NilLe 28/01/2009 à 16:26
Non mais... enfin, les ethnologues ne mettent pas en équation (pour les sociologues, il y a une partie d'entre eux - les statisticiens - qui essaye de le faire). Tu confonds des comportements génériques et une mise en équation. La vie a trop de paramètres pour pouvoir être mise en équation (sinon il n'y aurait jamais de pétage de plombs, typiquement). Cela dit, on retrouve bien dans ce que tu dis quelque chose d'assez spécifique au monde tel qu'il est depuis les années 80. Au désir d'anti conformisme des années baba-cool, on a voulu absolument non pas poser des équations sur des comportements mais plutôt faire rentrer des comportements dans des observations générales (sur de courtes périodes, sans aucun recul si ce n'est la perception d'immortalité et de puissance qu'ont laissé se dessiner les années 80-90). A tel point, justement, qu'on ne supporte plus, au niveau social, l'écart de comportement. Celui qui pète les plombs *doit* avoir des problèmes psychologiques, c'est évident. Alors on le médiatise, on en fait une bête de foire aussi curieuse qu'elle nous renvoie indiscutablement à des parts de nous-même que nous avons été encouragés à garder à l'intérieur. Ce qui fait qu'on parle beaucoup des comportements inhabituels et dérangeants, mais qu'on ne les accepte pas.

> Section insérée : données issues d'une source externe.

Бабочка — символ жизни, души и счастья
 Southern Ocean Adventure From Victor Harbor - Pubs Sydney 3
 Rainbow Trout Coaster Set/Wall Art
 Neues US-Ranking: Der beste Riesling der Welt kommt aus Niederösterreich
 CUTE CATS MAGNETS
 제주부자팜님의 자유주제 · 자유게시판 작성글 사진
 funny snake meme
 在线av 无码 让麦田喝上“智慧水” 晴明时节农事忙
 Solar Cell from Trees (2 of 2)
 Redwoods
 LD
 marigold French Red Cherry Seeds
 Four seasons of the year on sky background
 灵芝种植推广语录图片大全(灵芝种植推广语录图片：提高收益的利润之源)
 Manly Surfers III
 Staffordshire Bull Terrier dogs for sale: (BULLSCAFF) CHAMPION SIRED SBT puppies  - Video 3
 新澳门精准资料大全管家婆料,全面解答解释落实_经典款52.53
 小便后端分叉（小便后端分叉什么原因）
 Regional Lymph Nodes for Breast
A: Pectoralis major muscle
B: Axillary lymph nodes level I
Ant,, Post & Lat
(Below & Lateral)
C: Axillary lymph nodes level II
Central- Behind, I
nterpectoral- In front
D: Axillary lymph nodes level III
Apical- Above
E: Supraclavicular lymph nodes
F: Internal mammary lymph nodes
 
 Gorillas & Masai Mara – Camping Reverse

C'est d'ailleurs assez amusant que tu parles de Freud. Il n'a pas "mis en équation" (au contraire, même, le fondement de la psychanalyse est son adaptation à l'individu), mais il a mis en lumière des comportements généralement observables, ainsi que des ressentis partagés par l'ensemble des individus d'une population donnée. Cela dit, on peut remarquer qu'il a fait ça à une époque, justement, où on ne comprenait plus grand chose sur l'être humain (j'associe ça à la déchristianisation, d'ailleurs). C'est une façon de se créer des repères pour se sentir mieux. Si, aujourd'hui, on voit fleurir une profusion de raisonnements "équationnistes", je suis intimement persuadé que c'est en réponse à une peur de l'inconnu. Inconnu de ce que nous sommes, de ce que nous allons devenir, de ce que nous cachons au fond de nous.
Certains vont voir les oracles, mettent à la mode le créationnisme ; d'autres essayent de formaliser ce qui n'est pas formalisable, et pour cause : nous n'avons pas le recul pour le faire (nous sommes en plein dedans).